### Available data
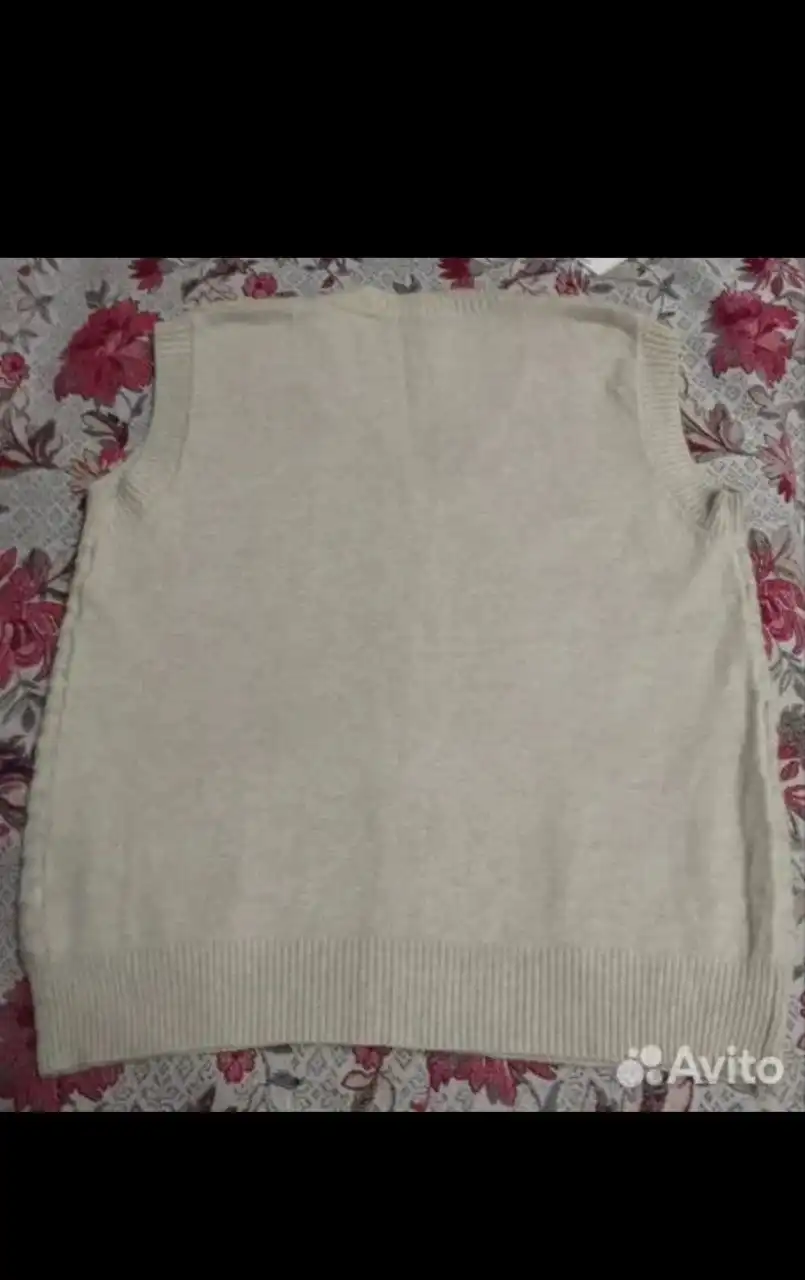 Вязаный жилет из шерсти/акрила размер 58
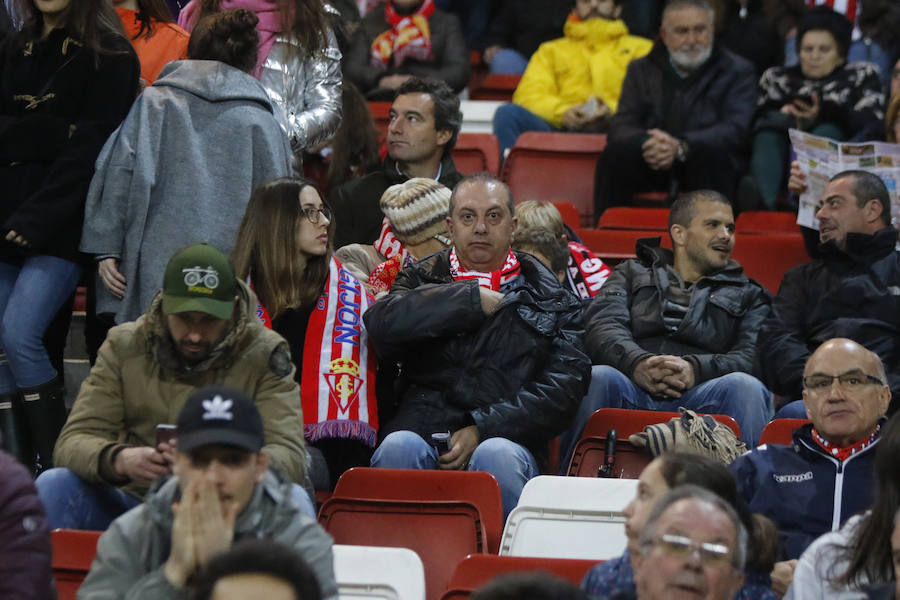 Fotos: ¿Estuviste en el Sporting 2-2 Málaga? ¡Búscate!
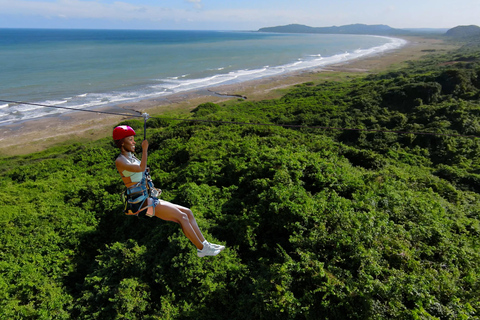 Cartagena: Oceanfront Zipline Adventure with Lunch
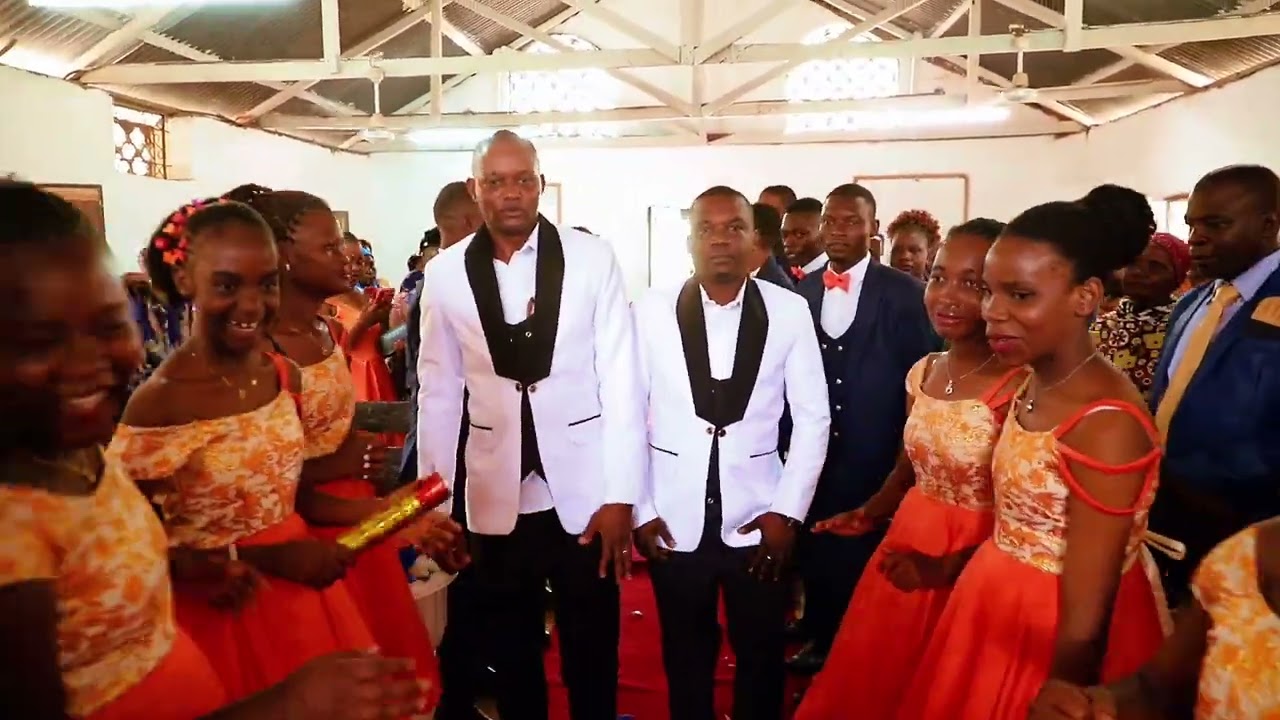 SANDRA WEDS DICKY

### Work task
Every line from the one containing "Cartagena: Oceanfront Zipline" through the last line of the listing must be written out again exactly, and no other line. Leave the pictures aside.

### Task response
 Cartagena: Oceanfront Zipline Adventure with Lunch
 SANDRA WEDS DICKY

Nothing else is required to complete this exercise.